In an alternate embodiment, a pressure difference, for example
pressure gradients resulting from water concentrations gradients
within the manifold 12 can motivate the water through the manifold
12 without utilizing a pump, blower, or the like.
[0028] The heat recuperator 18 is provided to transfer heat between
fuel cell exhaust and incoming cathode air to the insulated chamber
52. The cathode air is routed to cathode portions (depicted as 210
in FIG. 7) of the fuel cell tubes 16 and is utilized as an
electrochemical reactant for reactions at the cathode of the fuel
cell tubes 16. The heat recuperator includes an air inlet 82, an
air outlet 80, an exhaust inlet 86, and an exhaust outlet 84.
[0029] The fuel feed tube 60 extends from the distribution chamber
26 into the insulation chamber 52. The fuel feed tube 60 is
disposed in a fuel cell tube 16, wherein the fuel cell tube 16
extends from the water recycle chamber 28 into the insulated
chamber 52.
[0030] The insulative body 50 can comprise high-temperature,
ceramic-based material for example, foam, aero-gel, mat-materials,
and fibers formed from, for example, alumina, silica, and like
materials.
[0031] The fuel feed tube 60 can comprise a dense ceramic material
compatible with the high operating temperatures within the
insulated chamber 52, for example, an alumina based material or a
zirconia based material.

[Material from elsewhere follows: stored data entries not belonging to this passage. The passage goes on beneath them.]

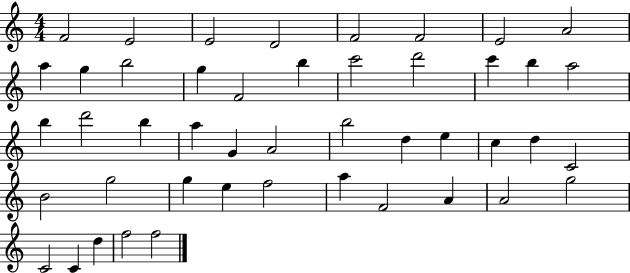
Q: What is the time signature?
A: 4/4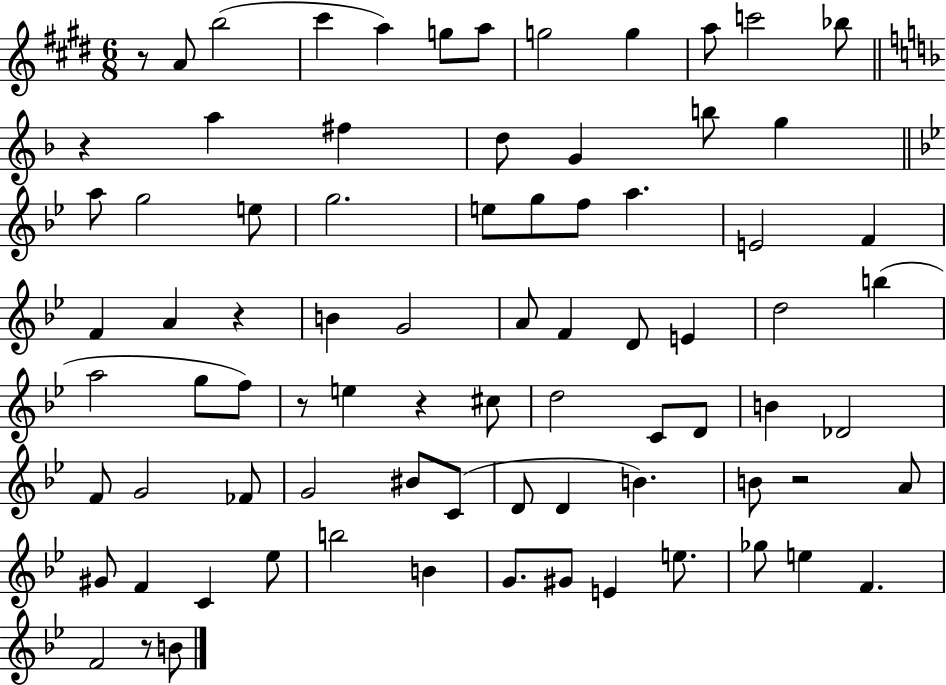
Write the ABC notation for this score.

X:1
T:Untitled
M:6/8
L:1/4
K:E
z/2 A/2 b2 ^c' a g/2 a/2 g2 g a/2 c'2 _b/2 z a ^f d/2 G b/2 g a/2 g2 e/2 g2 e/2 g/2 f/2 a E2 F F A z B G2 A/2 F D/2 E d2 b a2 g/2 f/2 z/2 e z ^c/2 d2 C/2 D/2 B _D2 F/2 G2 _F/2 G2 ^B/2 C/2 D/2 D B B/2 z2 A/2 ^G/2 F C _e/2 b2 B G/2 ^G/2 E e/2 _g/2 e F F2 z/2 B/2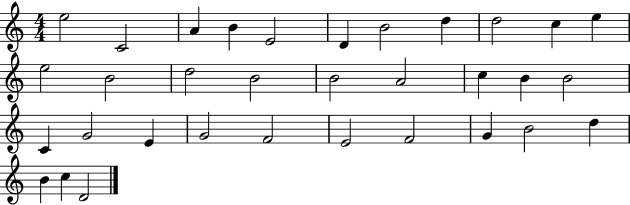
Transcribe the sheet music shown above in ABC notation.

X:1
T:Untitled
M:4/4
L:1/4
K:C
e2 C2 A B E2 D B2 d d2 c e e2 B2 d2 B2 B2 A2 c B B2 C G2 E G2 F2 E2 F2 G B2 d B c D2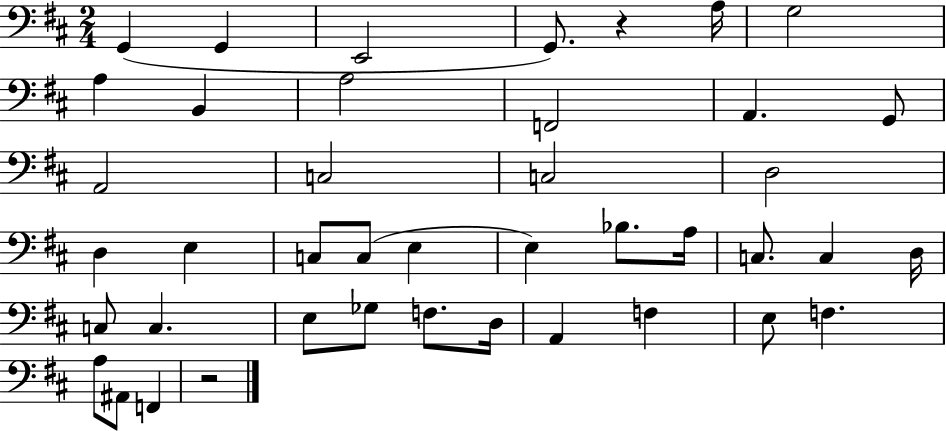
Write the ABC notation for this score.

X:1
T:Untitled
M:2/4
L:1/4
K:D
G,, G,, E,,2 G,,/2 z A,/4 G,2 A, B,, A,2 F,,2 A,, G,,/2 A,,2 C,2 C,2 D,2 D, E, C,/2 C,/2 E, E, _B,/2 A,/4 C,/2 C, D,/4 C,/2 C, E,/2 _G,/2 F,/2 D,/4 A,, F, E,/2 F, A,/2 ^A,,/2 F,, z2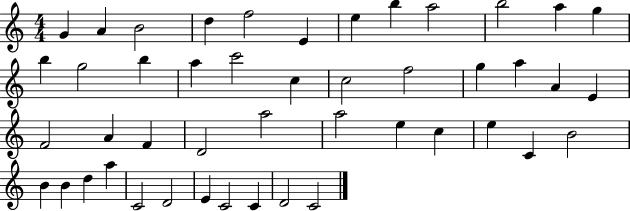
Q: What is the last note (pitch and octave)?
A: C4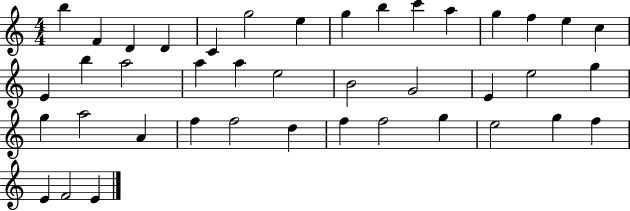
X:1
T:Untitled
M:4/4
L:1/4
K:C
b F D D C g2 e g b c' a g f e c E b a2 a a e2 B2 G2 E e2 g g a2 A f f2 d f f2 g e2 g f E F2 E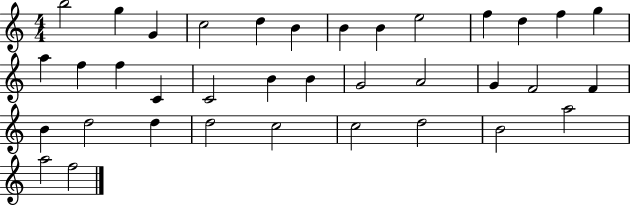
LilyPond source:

{
  \clef treble
  \numericTimeSignature
  \time 4/4
  \key c \major
  b''2 g''4 g'4 | c''2 d''4 b'4 | b'4 b'4 e''2 | f''4 d''4 f''4 g''4 | \break a''4 f''4 f''4 c'4 | c'2 b'4 b'4 | g'2 a'2 | g'4 f'2 f'4 | \break b'4 d''2 d''4 | d''2 c''2 | c''2 d''2 | b'2 a''2 | \break a''2 f''2 | \bar "|."
}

In an alternate embodiment the fuel feed
tube can comprises metallic materials and can, for example, be
utilized as current collectors for the fuel cell electrodes.
[0032] The partial oxidation reformer 61 and the water-based
reformer 62 each comprise a metallic catalyst material such as
platinum, rhodium, rubidium, nickel and the like disposed on a
ceramic substrate such as an alumina or a zirconia substrate. Each
partial oxidation reformer 61 and the water-based reformer 62 can
be designed and located within the fuel feed tube to manage
catalytic reactions and thermal distribution within the fuel stack
14. Material compositions for the partial oxidation reformer 61 and
the water-based reformer 62 capable of the operating
characteristics described above will be apparent to those skilled
in the art.
[0033] The hydrogen separation member 64 is disposed at an end of
the fuel feed tube 60 and extends out an end of the fuel feed tube
60 such that hydrogen can travel from an outer circumference
hydrogen separation member 64 to an anode of the fuel cell tube 16.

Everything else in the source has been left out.